Authority) Rules, 2016. There is a declaration made by him that no disciplinary proceedings are pending against him in Insolvency and Bankruptcy

Board of India or elsewhere. Accordingly, he satisfies the requirement of Section 7(3)(b) of the Code. Accordingly, we appoint Mr. Sanjay Kumar

Singh, Registration No. IBBI/IPA-002/IP-N00188/2017-18/10505 resident of 003 Windsor, Grand Forte, Plot No. 76, Sigma-IV, Greater Noida, U.P

as an Interim Resolution Professional.

25. In pursuance of Section 13(2) of the Code, we direct that public announcement shall be made by the Interim Resolution Professional immediately

(3 days as prescribed by Explanation to Regulation 6( 1) of the IBBI Regulations, 2016) with regard to admission of this application under Section 9 of

the Insolvency & Bankruptcy Code, 2016.

26. We also declare moratorium in terms of Section 14 of the Code, which shall have effect from the date of this order till the completion of Corporate

Insolvency Resolution Process as per sub-section (4) of Section 14 of the Code. The necessary consequences of imposing the moratorium flows from

the provisions of Section 14(1) (a), (b), (c) & (d) of the Code. Thus, the following prohibitions are imposed:

(a) the institution of suits or continuation of pending suits or proceedings against the corporate debtor including execution of any judgment, decree or

order in any court of law, tribunal, arbitration panel or other authority;

(b) transferring, encumbering, alienating or disposing of by the corporate debtor any of its assets or any legal right or beneficial interest therein;

(c) any action to foreclose, recover or enforce any security interest created by the corporate debtor in respect of its property including any action

under the Securitization and Reconstruction of Financial Assets and Enforcement of Security Interest Act, 2002;

(d) the recovery of any property by an owner or lessor where such property is occupied by or in the possession of the corporate debtor.
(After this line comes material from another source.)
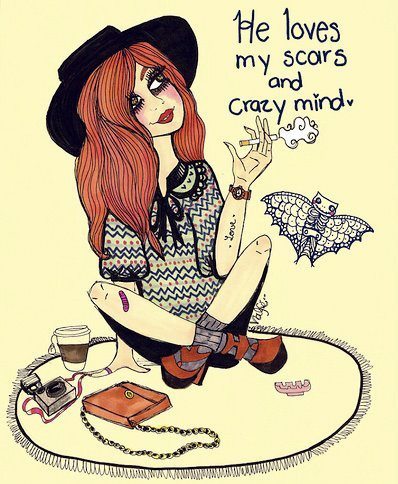 384837_164621906973141_100002759993141_196677_557348292_n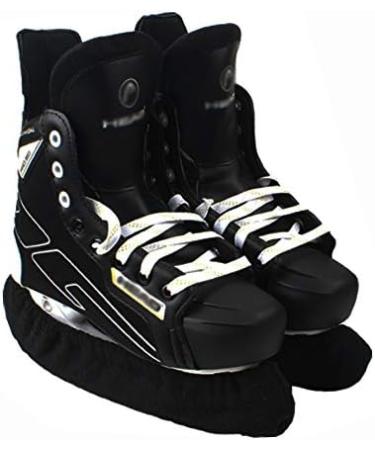 LHKJ Blade Socks - Unisex Skate Blade Protectors | Quality Blade Cover for Optimal Protection - Buy Online on GoSupps.com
27. It is made clear that the provisions of moratorium shall not apply to transactions which might be notified by the Central Government or the supply

of the essential goods or services to the Corporate Debtor as may be specified, are not to be terminated or suspended or interrupted during the

moratorium period. In addition, as per the Insolvency and Bankruptcy Code (Amendment) Act, 2018 which has come into force w.e.f. 06.06.2018, the

provisions of moratorium shall not apply to the surety in a contract of guarantee to the corporate debtor in terms of Section 14(3)(b) of the Code.

28. The Interim Resolution Professional shall perform all his functions contemplated, inter-alia, by Sections 15, 17, 18, 19, 20 & 21 of the Code and

transact proceedings with utmost dedication, honesty and strictly in accordance with the provisions of the Code, Rules and Regulations. It is further

made clear that all the personnel connected with the Corporate Debtor, its promoters or any other person associated with the Management of the

Corporate Debtor are under legal obligation under Section 19 of the Code to extend every assistance and cooperation to the Interim Resolution

Professional as may be required by him in managing the day to day affairs of the 'Corporate Debtor'. In case there is any violation committed by the

ex-management or any tainted/illegal transaction by ex-directors or anyone else, the Interim Resolution Professional would be at liberty to make

appropriate application to this Tribunal with a prayer for passing an appropriate order. The Interim Resolution Professional shall be under duty to

protect and preserve the value of the property of the 'Corporate Debtor' as a part of its obligation imposed by Section 20 of the Code and perform all

his functions strictly in accordance with the provisions of the Code, Rules and Regulations.

29. Let the copy of the order be communicated to the Operational Creditor and the Corporate Debtor in accordance with Section 9(5)(i) of the Code.

The office is also directed to communicate a copy of the order additionally to the Interim Resolution Professional and the Registrar of Companies,

NCT of Delhi and Haryana at the earliest possible but not later than seven days from today. The Registrar of Companies shall update its website by

updating the status of 'Corporate Debtor' and specific mention regarding admission of this petition must be notified to the public at large.